Rumsfelds Erfolg ist das Ergebnis des Versagens der Nachrichtendienste
im Nahen Osten. Die US-Regierung hält die CIA weder bereit noch in der
Lage, den Militärs handfeste Informationen zu beschaffen, um gegen den
staatenübergreifenden Terrrorismus vorgehen zu können. Die neuen
Vollmachten für Rumsfeld sind jedoch nach Meinung des Pentagon-Beraters
weniger eine Ermächtigung des militärischen Geheimdienstes als viel
mehr eine Kastration der CIA. Bei der CIA formuliert man es auch
so:„Das Pentagon ist der 500 Pfund-Gorilla und der CIA-Direktor ein
Schimpanse.“
Doch auch das Weisse Haus machte nach dem Rücktritt von CIA-Direktor
George Tenet Druck und forderte mehr Unterstützung für die Positionen
der Regierung. Tenets Nachfolger, Porter Goss, soll den Dienst einer
regelrechten „politischen Säuberung“ unterzogen haben. Noch im Dezember
verstärkte das Weiße Haus seine Kontrolle über den Geheimdienstapparat.

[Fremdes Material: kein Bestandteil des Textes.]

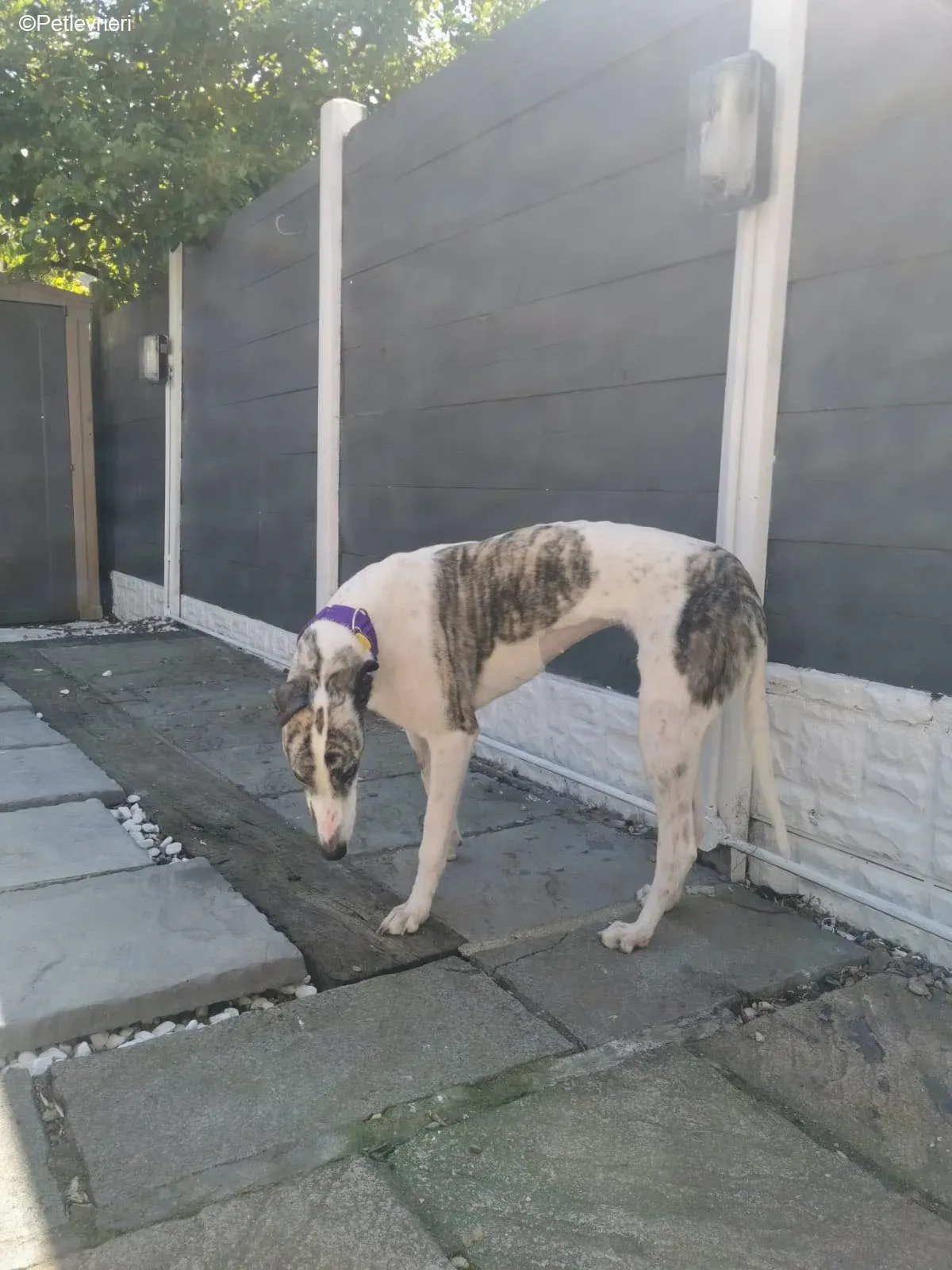 Luna adozione levrieri greyhound 4 1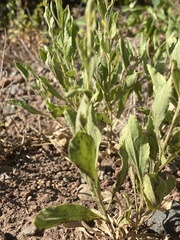 Solidago spectabilis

Der Senat verabschiedet mit großer Mehrheit ein Reformgesetz, das dem
neuen Direktor weitreichende Vollmachten gab. Doch vor der Beratung im
Repräsentantenhaus legten Bush und Cheney Widerspruch ein und das
Gesetz mußte nach massiver Einflussnahme durch das Weisse Haus und des
Pentagon umgeschrieben werden. Das Fatale an dieser neuen
Regelung ist, dass Rumsfeld seine Geheimaktionen weder vor den anderen
Diensten noch vor dem Parlament rechtfertigen muß. Niemand kann ihn
aufhalten, niemand kann ihm reinreden.
Die deutsche Zusammenfassung entspricht mit Ausnahme einiger weniger
Änderungen dem Artikel in „Der Spiegel“ vom 24.1.05, Seiten 113 –115.